• [Directions for this task]: Could you return only the lines that run from the line with "BMW M5 4,4T" through the final line of the data, exactly as they stand?
- - -
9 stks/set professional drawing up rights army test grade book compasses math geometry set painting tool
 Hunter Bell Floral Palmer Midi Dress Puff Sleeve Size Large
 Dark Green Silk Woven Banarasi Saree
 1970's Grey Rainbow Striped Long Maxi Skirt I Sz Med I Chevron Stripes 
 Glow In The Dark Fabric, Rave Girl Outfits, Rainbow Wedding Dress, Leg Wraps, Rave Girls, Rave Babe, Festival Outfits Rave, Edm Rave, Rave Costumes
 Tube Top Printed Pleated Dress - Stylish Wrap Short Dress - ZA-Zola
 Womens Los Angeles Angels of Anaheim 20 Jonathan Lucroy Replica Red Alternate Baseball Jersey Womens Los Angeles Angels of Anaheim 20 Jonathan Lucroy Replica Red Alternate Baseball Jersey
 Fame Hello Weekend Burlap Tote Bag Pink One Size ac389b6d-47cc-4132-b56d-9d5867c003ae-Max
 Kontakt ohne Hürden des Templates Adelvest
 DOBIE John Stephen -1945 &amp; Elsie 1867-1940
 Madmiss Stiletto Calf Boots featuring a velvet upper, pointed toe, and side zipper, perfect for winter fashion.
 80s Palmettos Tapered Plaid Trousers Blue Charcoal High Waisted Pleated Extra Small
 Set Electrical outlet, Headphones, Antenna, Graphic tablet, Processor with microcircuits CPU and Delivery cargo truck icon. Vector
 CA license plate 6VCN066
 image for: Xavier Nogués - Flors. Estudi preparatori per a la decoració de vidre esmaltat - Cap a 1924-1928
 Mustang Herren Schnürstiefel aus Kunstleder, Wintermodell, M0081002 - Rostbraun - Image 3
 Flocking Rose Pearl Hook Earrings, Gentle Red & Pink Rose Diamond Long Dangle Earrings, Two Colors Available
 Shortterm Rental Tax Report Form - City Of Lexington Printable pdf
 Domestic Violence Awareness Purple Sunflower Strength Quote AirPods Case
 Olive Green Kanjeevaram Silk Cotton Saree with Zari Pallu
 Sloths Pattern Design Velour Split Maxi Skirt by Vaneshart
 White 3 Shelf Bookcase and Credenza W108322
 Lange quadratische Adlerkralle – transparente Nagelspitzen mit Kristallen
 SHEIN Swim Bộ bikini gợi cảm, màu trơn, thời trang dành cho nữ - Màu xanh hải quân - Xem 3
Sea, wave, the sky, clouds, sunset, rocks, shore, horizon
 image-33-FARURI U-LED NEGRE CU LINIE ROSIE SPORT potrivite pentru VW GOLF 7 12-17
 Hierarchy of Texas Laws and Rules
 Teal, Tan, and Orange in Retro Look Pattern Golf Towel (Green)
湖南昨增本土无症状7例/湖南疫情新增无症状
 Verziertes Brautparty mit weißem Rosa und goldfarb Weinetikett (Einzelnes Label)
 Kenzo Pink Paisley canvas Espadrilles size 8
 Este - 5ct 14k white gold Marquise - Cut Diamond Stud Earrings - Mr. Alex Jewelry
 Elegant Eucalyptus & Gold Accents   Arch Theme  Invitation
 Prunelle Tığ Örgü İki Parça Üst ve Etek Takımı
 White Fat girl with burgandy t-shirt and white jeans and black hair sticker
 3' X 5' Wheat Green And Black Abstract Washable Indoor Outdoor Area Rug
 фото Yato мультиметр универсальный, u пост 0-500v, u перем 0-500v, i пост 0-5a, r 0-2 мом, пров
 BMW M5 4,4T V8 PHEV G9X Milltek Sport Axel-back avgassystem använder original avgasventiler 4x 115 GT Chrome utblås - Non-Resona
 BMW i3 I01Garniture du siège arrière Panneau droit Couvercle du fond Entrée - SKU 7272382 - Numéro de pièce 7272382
- - -
• [Task response]:
 BMW M5 4,4T V8 PHEV G9X Milltek Sport Axel-back avgassystem använder original avgasventiler 4x 115 GT Chrome utblås - Non-Resona
 BMW i3 I01Garniture du siège arrière Panneau droit Couvercle du fond Entrée - SKU 7272382 - Numéro de pièce 7272382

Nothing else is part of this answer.